Within the listing below, how many lines contain "Picture"? Only the number is wanted.

Task input:

*** Block opens ***

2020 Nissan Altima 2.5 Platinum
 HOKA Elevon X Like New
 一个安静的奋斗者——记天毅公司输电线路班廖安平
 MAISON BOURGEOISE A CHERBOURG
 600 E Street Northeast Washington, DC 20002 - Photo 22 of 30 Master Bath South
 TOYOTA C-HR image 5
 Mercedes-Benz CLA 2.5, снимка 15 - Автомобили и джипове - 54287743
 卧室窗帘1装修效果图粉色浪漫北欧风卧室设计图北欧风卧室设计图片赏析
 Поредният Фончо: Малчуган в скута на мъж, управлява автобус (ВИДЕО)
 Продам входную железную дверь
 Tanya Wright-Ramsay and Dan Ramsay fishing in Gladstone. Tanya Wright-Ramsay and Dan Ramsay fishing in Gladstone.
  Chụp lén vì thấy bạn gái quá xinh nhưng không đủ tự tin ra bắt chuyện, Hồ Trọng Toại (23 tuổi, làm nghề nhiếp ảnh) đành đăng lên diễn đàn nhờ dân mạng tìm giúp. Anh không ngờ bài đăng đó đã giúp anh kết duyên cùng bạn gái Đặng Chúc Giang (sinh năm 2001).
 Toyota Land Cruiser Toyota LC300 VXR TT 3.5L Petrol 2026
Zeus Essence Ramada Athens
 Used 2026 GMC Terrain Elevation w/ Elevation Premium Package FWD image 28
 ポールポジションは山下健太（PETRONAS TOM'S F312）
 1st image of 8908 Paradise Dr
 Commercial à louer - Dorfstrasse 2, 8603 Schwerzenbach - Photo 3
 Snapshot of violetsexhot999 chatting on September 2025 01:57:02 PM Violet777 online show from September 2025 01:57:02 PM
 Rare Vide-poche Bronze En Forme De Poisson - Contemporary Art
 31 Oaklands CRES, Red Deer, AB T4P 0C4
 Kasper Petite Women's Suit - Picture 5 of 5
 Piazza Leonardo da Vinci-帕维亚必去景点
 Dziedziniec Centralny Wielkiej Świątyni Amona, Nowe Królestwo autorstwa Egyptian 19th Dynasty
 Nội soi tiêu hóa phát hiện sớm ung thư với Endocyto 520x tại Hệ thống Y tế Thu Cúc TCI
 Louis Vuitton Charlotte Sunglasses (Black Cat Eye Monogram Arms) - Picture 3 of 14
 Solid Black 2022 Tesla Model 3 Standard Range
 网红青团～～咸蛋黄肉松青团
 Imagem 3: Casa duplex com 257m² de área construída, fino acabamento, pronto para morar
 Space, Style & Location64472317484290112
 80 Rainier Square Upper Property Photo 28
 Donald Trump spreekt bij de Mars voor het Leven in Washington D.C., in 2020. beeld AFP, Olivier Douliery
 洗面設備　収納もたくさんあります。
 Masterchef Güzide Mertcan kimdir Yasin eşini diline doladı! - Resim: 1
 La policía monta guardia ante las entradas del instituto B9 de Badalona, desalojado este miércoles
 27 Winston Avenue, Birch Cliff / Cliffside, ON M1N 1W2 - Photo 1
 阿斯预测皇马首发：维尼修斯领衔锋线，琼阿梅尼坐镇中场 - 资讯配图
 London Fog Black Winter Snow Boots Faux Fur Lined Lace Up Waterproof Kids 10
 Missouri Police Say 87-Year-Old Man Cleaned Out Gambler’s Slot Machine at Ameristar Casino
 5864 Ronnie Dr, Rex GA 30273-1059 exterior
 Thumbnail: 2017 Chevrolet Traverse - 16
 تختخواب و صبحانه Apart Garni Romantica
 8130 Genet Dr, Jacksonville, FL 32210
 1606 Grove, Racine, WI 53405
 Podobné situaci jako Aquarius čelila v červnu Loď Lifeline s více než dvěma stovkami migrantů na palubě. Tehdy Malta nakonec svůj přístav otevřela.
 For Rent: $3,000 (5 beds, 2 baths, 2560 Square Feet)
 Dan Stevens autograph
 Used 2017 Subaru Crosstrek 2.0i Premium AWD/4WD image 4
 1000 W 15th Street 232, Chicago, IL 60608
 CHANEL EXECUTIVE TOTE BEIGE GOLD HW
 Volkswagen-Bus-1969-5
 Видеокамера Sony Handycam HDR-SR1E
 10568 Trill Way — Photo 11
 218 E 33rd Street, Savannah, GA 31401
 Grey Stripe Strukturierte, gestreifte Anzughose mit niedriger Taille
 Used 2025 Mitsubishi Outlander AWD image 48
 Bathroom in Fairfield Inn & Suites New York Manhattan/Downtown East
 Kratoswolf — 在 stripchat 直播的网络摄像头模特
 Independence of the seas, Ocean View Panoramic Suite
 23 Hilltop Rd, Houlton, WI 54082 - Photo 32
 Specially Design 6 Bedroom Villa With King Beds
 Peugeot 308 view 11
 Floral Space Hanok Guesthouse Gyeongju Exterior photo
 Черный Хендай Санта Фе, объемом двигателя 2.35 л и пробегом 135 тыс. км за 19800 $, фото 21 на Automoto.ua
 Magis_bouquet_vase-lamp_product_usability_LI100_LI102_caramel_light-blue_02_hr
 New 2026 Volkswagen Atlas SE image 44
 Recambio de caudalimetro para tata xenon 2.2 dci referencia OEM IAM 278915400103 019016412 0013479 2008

*** Block closes ***

Problem solution: 2